1. Histamine2 Receptor Antagonist
2. Competitive antagonist at the H2 (histamine) receptor in gastric parietal cells
3. 2nd line agent for peptic ulcer disease and reflux oesophagitis.
4. Diarrhoea, confusion, gynaecomastia.
5. A potent inhibitor of cytochrome P450 dependent metabolism.

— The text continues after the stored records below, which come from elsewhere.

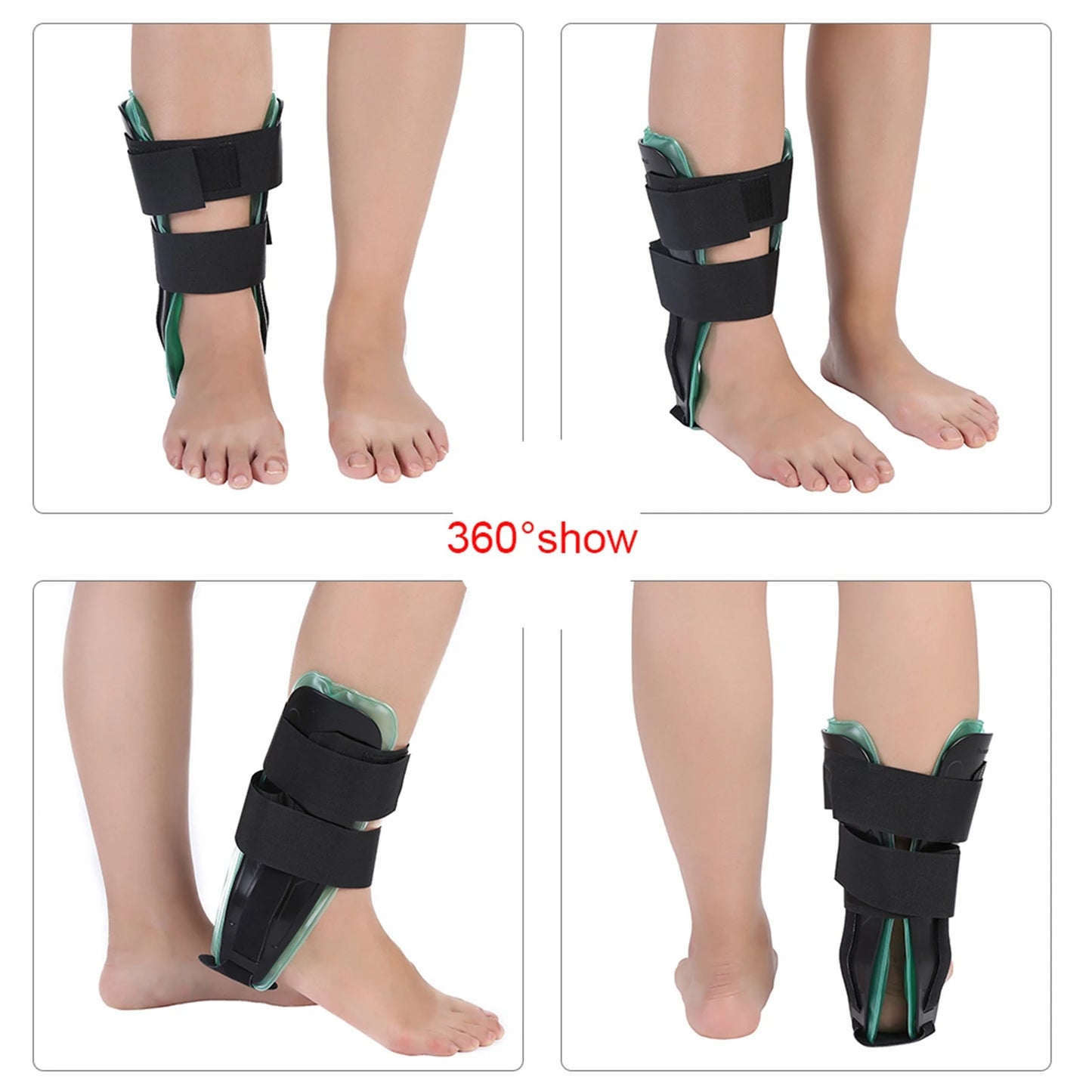 Ankle Foot Correction Brace Support Splint  Ankle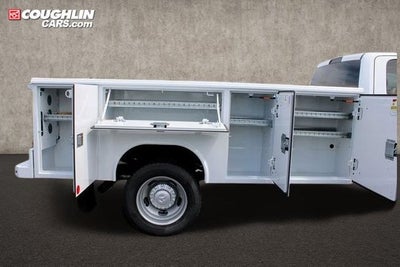 2024 RAM 5500HD Tradesman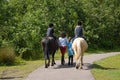 Childrens Horseride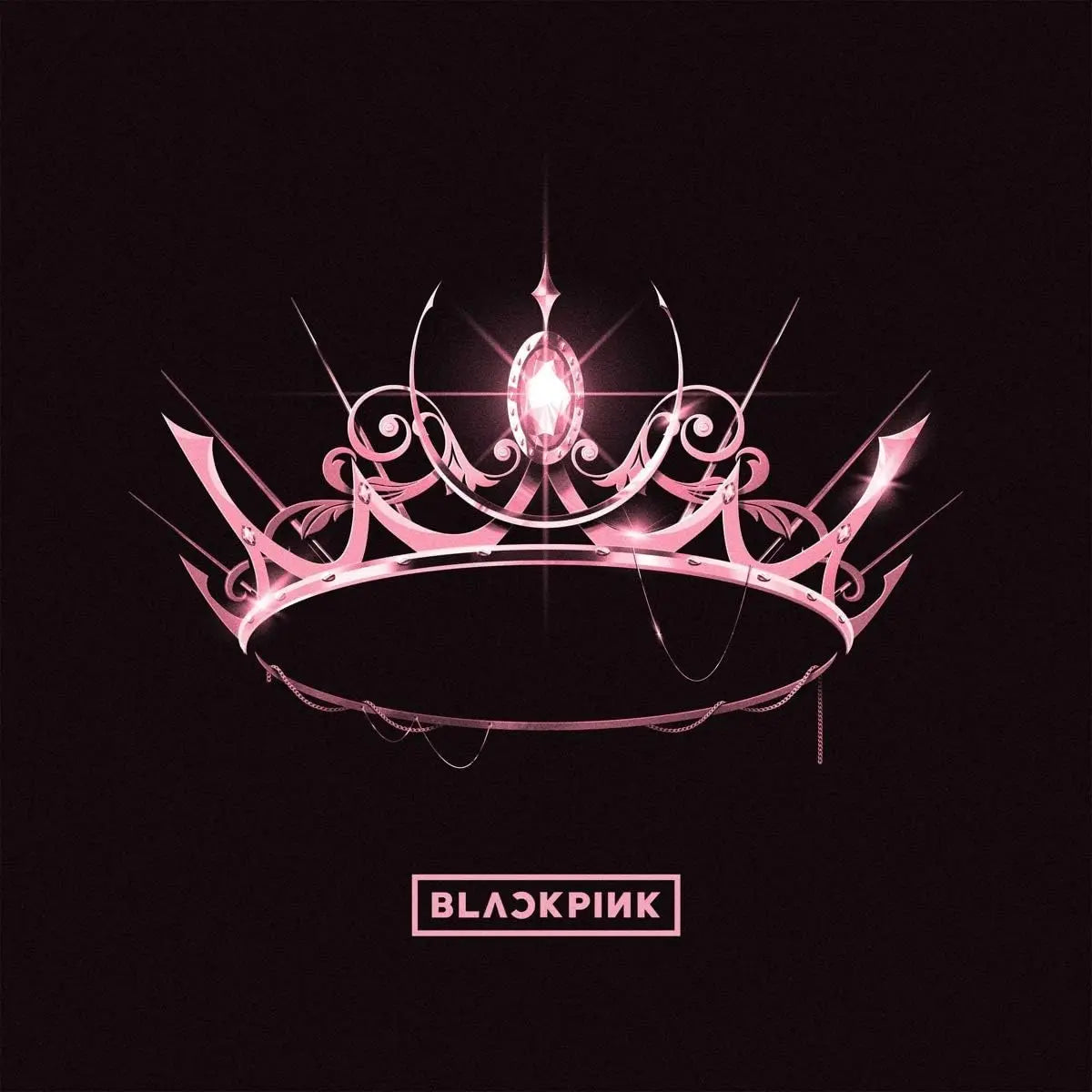 Blackpink THE ALBUM (Jewel Case) Zhivago Gifts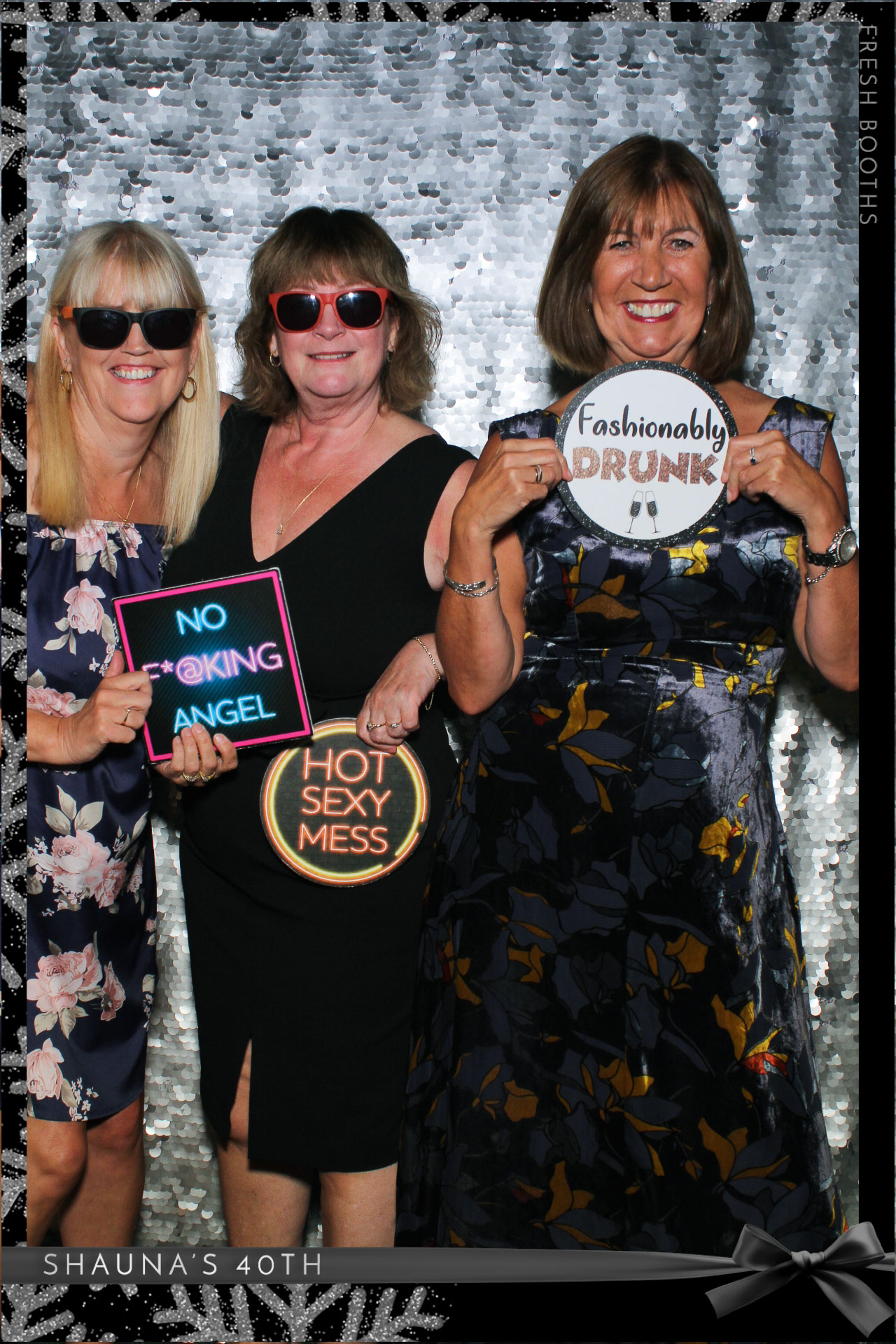 Shauna's 40th | View more photos from the event at gallery.freshbooths.com/u/FreshBooths/Shaunas-40th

(Don’t prescribe cimetidine until you really have to)

Question 14

Ranitidine

1. What type of drug is it?
2. What is it’s mode of action?
3. When is it indicated?
4. What are the adverse effects?
5. What interactions can it have?

Answer 14

1. Histamine₂ Receptor Antagonist
2. Competitive antagonist at the H2 (histamine) receptor in gastric parietal cells
3. 2nd line agent for peptic ulcer disease and reflux oesophagitis.
4. Diarrhoea (fewer than cimetidine)
5. A mild inhibitor of cytochrome P450 dependent metabolism, of little clinical importance

Question 15

Prostaglandin Analogues

1. Name a prostaglandin analogue
2. What is it’s mode of action?
3. When is it indicated?
4. Give some adverse effects
5. What might some interactions be?
6. What is an important contraindication?

Answer 15

1. Misoprostol
2. A prostaglandin E2 analogue. Binds at PGE_2, enhancing the protective inhibitory effect upon the K+/H+ ATPase pump (proton pump)
3. 2nd Line - to prevent peptic ulceration in patients taking long term non-steroidal anti- inflammatory drugs (PPI 1st line).
4. Diarrhoea, abdominal pain, nausea, flatulence and abnormal vaginal bleeding.
5. Additive effects with drugs causing gastrointestinal intolerance.
6. Women of child bearing age because of increased risk of abortion.

Question 16

Helicobacter Pylori

1. Describe it’s appearance
2. What is it a risk factor for?
3. How?

Answer 16

1. gram negative bacillus
2. Recurrence of peptic ulcers, Gastric cancer, Mucosa-associated lymphoid tissue (MALT) lymphoma
3. Mucus layer : secrete inflammatory proteins, toxins. Urease producing - urea to NH4 and CO2. Undermines the mucosal protection system

Question 17

Helicobacter Pylori

1. How is it tested for?
2. What is the C13 breath test based upon?
3. What do H.Pylori eradication regimes involve?

Answer 17

1. Initially detected by Carbon-13 urea breath test, Upper GI endoscopy with biopsy and rapid urease test useful. (Serology (IgG) not currently recommended by NICE due to inadequate performance)
2. The ability of H.pylori to convert urea to ammonia and CO₂
3. _{•PPI (or H2 blocker)}

_{•Clarithromycin}

_{•Amoxicillin (or Metronidazole if penicillin allergic)}

_{•<strong>Triple therapy for 7 – 14 days</strong>}

_{•If there is an ulcer will need PPI daily for 1-2 months}

_{•Use a different antibiotic if requiring a second treatment course}

Question 18

Ulcers Induced by Non-Steroidal Anti-Inflammatory Drugs

1. What do you do in the case of a high-risk patient requiring a NSAID?
2. What about for H.Pylori positive patients who are about to start an NSAID?
3. What should patients with NSAID induced ulcers revieve?

Answer 18

1. prescribe PPI, misoprostol or an H2 antagonist
2. should receive eradication therapy
3. a proton pump inhibitor

Question 19

When is URGENT upper GI endoscopy required?

Answer 19

• Acute bleeding suspected
• Chronic bleeding / Fe def Anaemia
  
  • Upper and Lower as 10% dual pathology
• Weight loss
• Dysphagia
• Persistent vomiting
• Anyone with unexplained, persistent dyspepsia
  
  • Especially if 55+ years

Question 20

Summarise the treatment of gastric ulcers

Answer 20

• Remove gastric irritants especially NSAIDs
• Test and treat for H Pylori infection
• 1st Line – Proton pump inhibitors
• 2nd Line – H2 antagonist

Must investigate anyone at increased risk of gastric carcinoma as treatment may mask early symptoms.